The reconstruction of protein complexes from the physical interactome of organisms serves as a building block towards understanding the higher level organization of the cell. Over the past few years, several independent high-throughput experiments have helped to catalogue enormous amount of physical protein interaction data from organisms such as yeast. However, these individual datasets show lack of correlation with each other and also contain substantial number of false positives (noise). Over these years, several affinity scoring schemes have also been devised to improve the qualities of these datasets. Therefore, the challenge now is to detect meaningful as well as novel complexes from protein interaction (PPI) networks derived by combining datasets from multiple sources and by making use of these affinity scoring schemes. In the attempt towards tackling this challenge, the Markov Clustering algorithm (MCL) has proved to be a popular and reasonably successful method, mainly due to its scalability, robustness, and ability to work on scored (weighted) networks. However, MCL produces many noisy clusters, which either do not match known complexes or have additional proteins that reduce the accuracies of correctly predicted complexes.

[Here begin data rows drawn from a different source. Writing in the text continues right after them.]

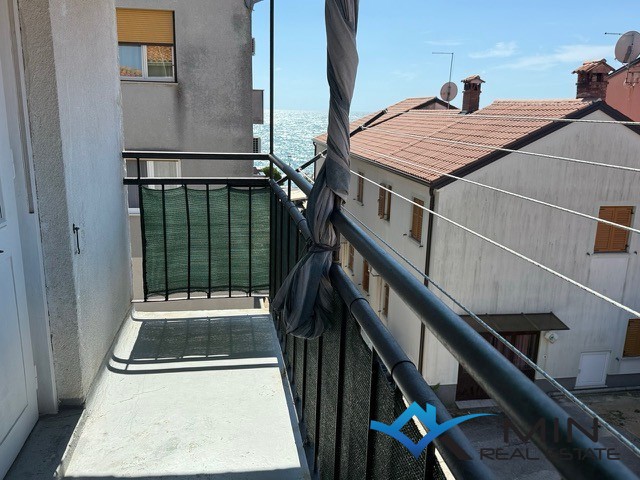 Apartma na odlični lokaciji s pogledom na morje - Novigrad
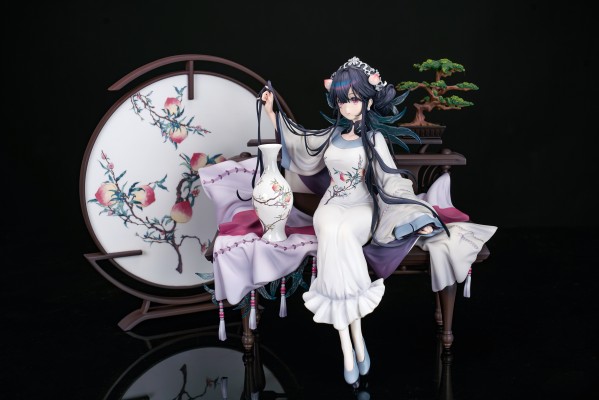 物华弥新 蝠桃瓶 粉彩福桃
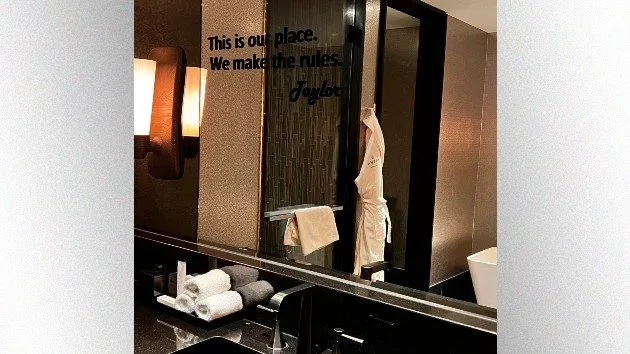 m_taylorsuitebisha_011824600054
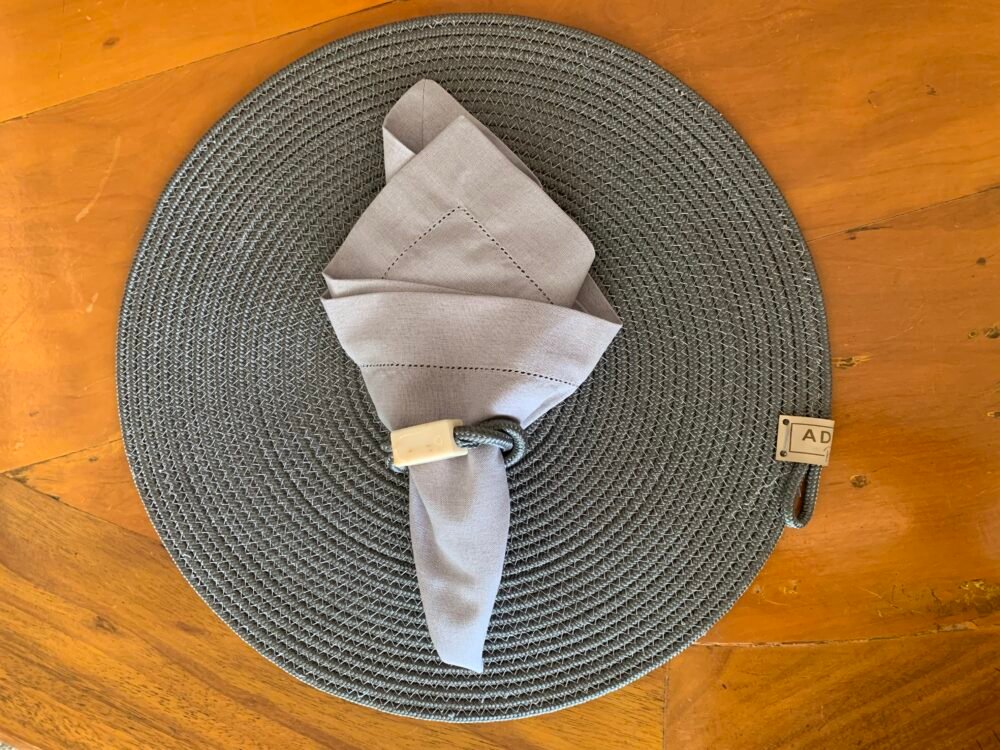 CONJUNTO COM 12 Lugares de mesa REDONDO (corda náutica costurada na cor CINZA ESCURO)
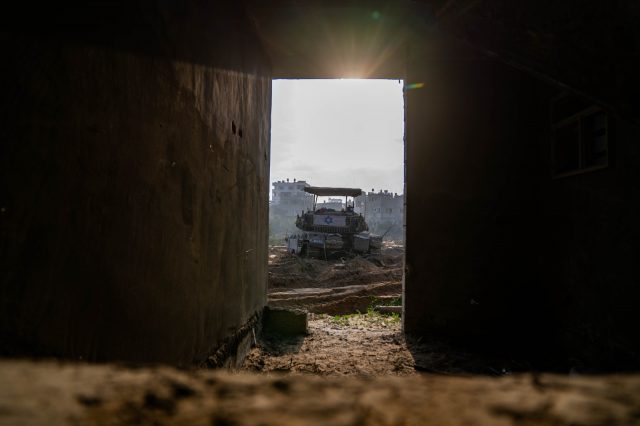 במהלך הלילה: 14 מחבלים חוסלו בעזה | תיעוד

Inspired by recent experimental observations by Gavin and colleagues on the modularity structure in yeast complexes and the distinctive properties of "core" and "attachment" proteins, we develop a core-attachment based refinement method coupled to MCL for reconstruction of yeast complexes from scored (weighted) PPI networks. We combine physical interactions from two recent "pull-down" experiments to generate an unscored PPI network. We then score this network using available affinity scoring schemes to generate multiple scored PPI networks. The evaluation of our method (called MCL-CAw) on these networks shows that: (i) MCL-CAw derives larger number of yeast complexes and with better accuracies than MCL, particularly in the presence of natural noise; (ii) Affinity scoring can effectively reduce the impact of noise on MCL-CAw and thereby improve the quality (precision and recall) of its predicted complexes; (iii) MCL-CAw responds well to most available scoring schemes. We discuss several instances where MCL-CAw was successful in deriving meaningful complexes, and where it missed a few proteins or whole complexes due to affinity scoring of the networks. We compare MCL-CAw with several recent complex detection algorithms on unscored and scored networks, and assess the relative performance of the algorithms on these networks. Further, we study the impact of augmenting physical datasets with computationally inferred interactions for complex detection. Finally, we analyse the essentiality of proteins within predicted complexes to understand a possible correlation between protein essentiality and their ability to form complexes.
We demonstrate that core-attachment based refinement in MCL-CAw improves the predictions of MCL on yeast PPI networks. We show that affinity scoring improves the performance of MCL-CAw.